Article ID Journal Published Year Pages File Type
5043616 Neuroscience & Biobehavioral Reviews 2017 8 Pages PDF
Abstract

•Neural mechanisms can “trigger” acute heart disease.•Psychological distress, acute in panic disorder and chronic in depressive illness, can have adverse cardiac consequences.•Stress biomarkers, indicative of stress exposure, are present in essential hypertension.

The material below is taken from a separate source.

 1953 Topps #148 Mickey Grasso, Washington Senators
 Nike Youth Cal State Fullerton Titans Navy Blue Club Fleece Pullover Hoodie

The London physician and neuroanatomist Thomas Willis in the 17th century correctly attributed the source of emotions to the brain, not the heart as believed in antiquity. Contemporary research documents the phenomenon of “triggered” heart disease, when the autonomic nervous system control of the heart by the brain goes awry, producing heart disease of sudden onset, precipitated by acute emotional upheaval. This can take the form of, variously, cardiac arrhythmias, myocardial infarction, Takotsubo cardiomyopathy and sudden death. Chronic psychological distress also can have adverse cardiovascular consequences, in the causal linkage of depressive illness to heart disease, and in the probable causation of atherosclerosis and hypertension by chronic mental stress. In patients with essential hypertension, stress biomarkers are present. The sympathetic nervous system is the usual mediator between these acute and chronic psychological substrates and cardiovascular disease.